1. Agreed.Templarfreak wrote:So to break the points down:
1. It hurts people that want to learn
2. It's almost impossible to fully 100% protect your stuff from the people that actually want to steal anyway, and the methods that can majorly negatively impact not only development and performance but the play experience as a whole
3. Most people probably won't actually steal your content anyway or if they do "steal" your content they are using it for personal use and probably don't intend to release it because they have a respect for the community and the people behind the content
4. It's a violation of Fair Use
5. Mods that do get stolen are anecdotal examples at best. Not everyone looking into your code or wanting to ask about your code are trying to steal from you. In fact, most of them probably aren't.

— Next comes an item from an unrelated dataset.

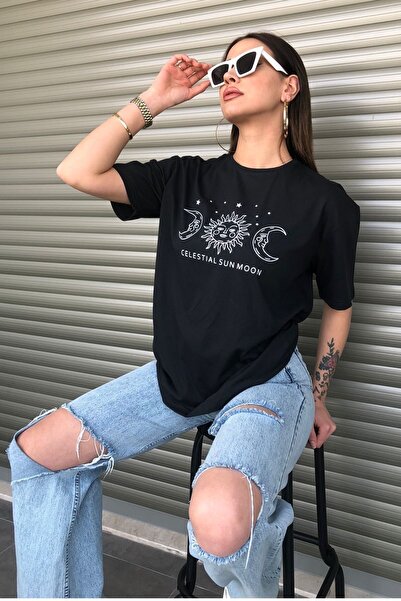 Machetta Μπλουζάκι Crew Neck Black Moon με στάμπα Oversize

6. People get heavily punished by the community itself for stealing anyway.
2. I probably wouldn't want to do that sort of thing anyway. Back in the days of RA2YR, there was this simple tool that changed 1 bit of the binery code which invalidated the header, the result was that the game could still read it, but all the tools for extracting from the archive couldn't (unless of course you knew how this change worked, then you could fix it in a hex editor, the details on this were withheld by the creator of the locking tool)

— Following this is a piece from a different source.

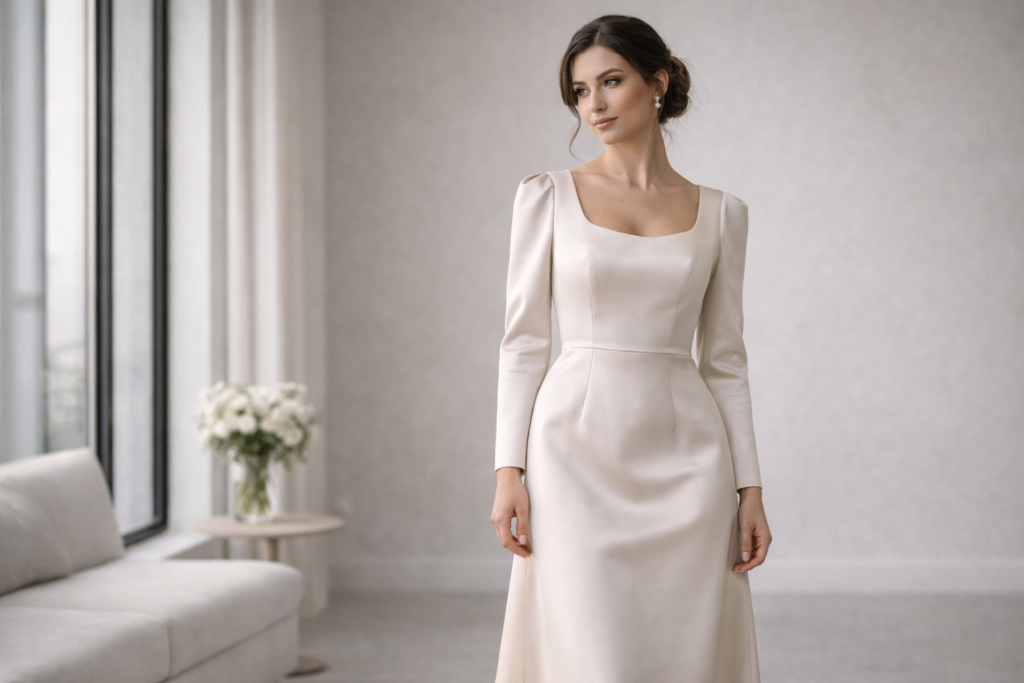Noiva com vestido midi acetinado e manga moderna — tendência casamento civil 2026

I chose NOT to use this tool.
3. I agree, it is the minority, and I do actually get requests over notes of people asking if they can use parts of my mod in theirs. Most of the time the answer is Yes. I tried to work my licence in such a way that it tells people they're free to look at my mod for ideas on how to write their own code, as long as they don't copy it directly. See Andrew's mods, he copied large sections of my mods without asking, and released a mod that wasn't compatible with my own.
I also state in my licence that although you are free to edit my mods for private use (How could I even know if people were doing that?) they're not allowed to redistribute modified versions. (Private use includes small groups, such as a multiplayer game with friends. As long as it's not put up for public download on the internet, it's fine)
6. Again, Andrews mod is a good example of this.